The Ways and Means Committee could sharpen the national discussion around tax fairness by subpoenaing President Trump's tax returns. As the 2018 elections draw near, that committee could convene hearings to educate the public on how Trump's sabotage of Obamacare will send consumers' health insurance premiums soaring.

The Financial Services Committee, chaired by Rep. Maxine Waters, a favorite target of Trump's invective, could exercise its authority to investigate the phenomenon of foreign oligarchs laundering ill-gotten gains through purchases of luxury condominiums in hot markets, including through Trump-owned buildings in New York and Miami.

The Judiciary Committee might parcel out the most compelling topics to its subcommittees. Subcommittee chairs could empanel Parkland students to attest to the impact of gun violence on schools and administrators to advise on the idiocy of arming teachers, explore the cruelty and shortsightedness of withdrawing DACA protections, and of course, explicate the authority of a special counsel to indict a sitting president.

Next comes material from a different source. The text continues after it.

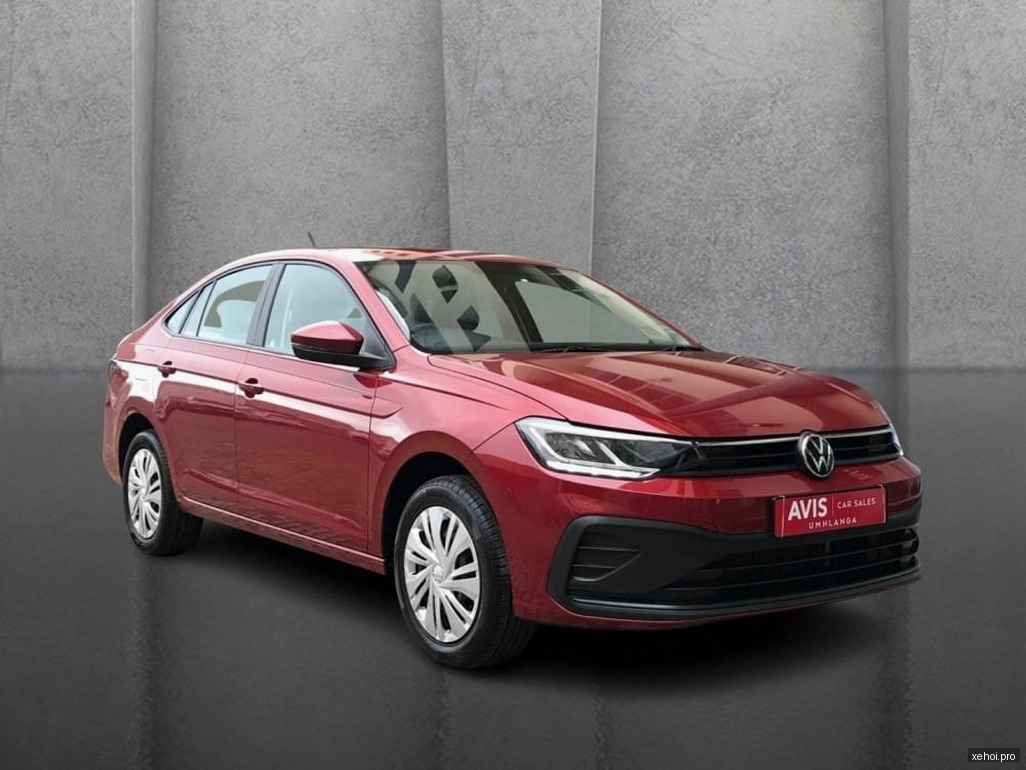 Volkswagen Polo 1.6 AT - 2020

The Armed Services Committee could convene proceedings on the dangers of sharing state secrets with White House employees who have been denied security clearances.

The Oversight and Government Reform Committee could shine a light on the administration's profligate spending of taxpayer dollars at Trump-owned properties.
A reawakened House Foreign Relations Committee could initiate hearings on Trump's erratic courtship of North Korea and his excessive affection for Russia.

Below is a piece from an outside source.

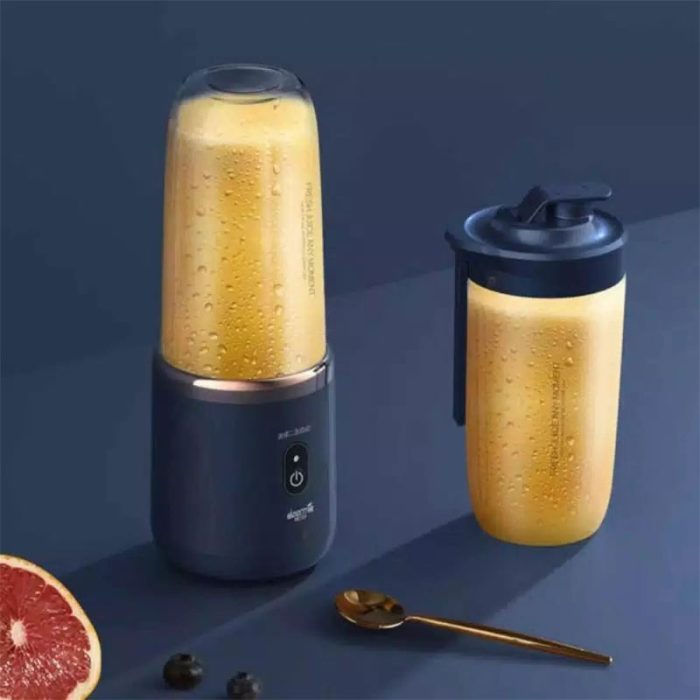 مخلوط کن قابل حمل شارژی شیائومی Deerma Mini Juice Blender NU06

The Education and Workforce Committee could call Midwestern factory owners and assembly-line workers to testify on the jobs that will be lost due to Trump's steel tariffs.

Committees with jurisdiction over the Interior Department, EPA, and Treasury could hold hearings on their leaders' extravagant travel and personal office expenditures.
Cabinet secretaries like Betsy DeVos and Ben Carson could be compelled to account-in public, under oath-for policy decisions they seem barely to understand.

The new secretary of Homeland Security could be forced to justify her department's leisurely response to Russia's ongoing efforts to sabotage American elections.

Now imagine a pajama-clad President Trump gazing in horror at the trio of TV monitors in the presidential bedroom, one showing Jared Kushner being grilled on his never-ending security-clearance-application corrections and amendments, while the second displays Treasury Secretary Steve Mnuchin attempting to defend his addiction to first-class flights, and the third presents a tableau of heartland factory workers displaced by the Bush steel tariffs of 2002. Consider the president's unbridled anger as he watches a cable-news version of This Is Your Life, a procession of Cabinet secretaries, disgraced former White House officials, unpaid construction contractors, disqualified eligible voters, terrified Dreamers, abandoned factory workers, and colorful NDA signatories, all led by Democratic House committee chairs, many of whom Trump has traduced in nasty personal terms.

With that image in mind, you can see why Trump stops short of firing Mueller. If a rash decision to dispatch the special counsel costs Republicans their House majority, the president will subject himself to a ceaseless barrage of charges, confessions, and revelations. For Trump, that's the nightmare scenario.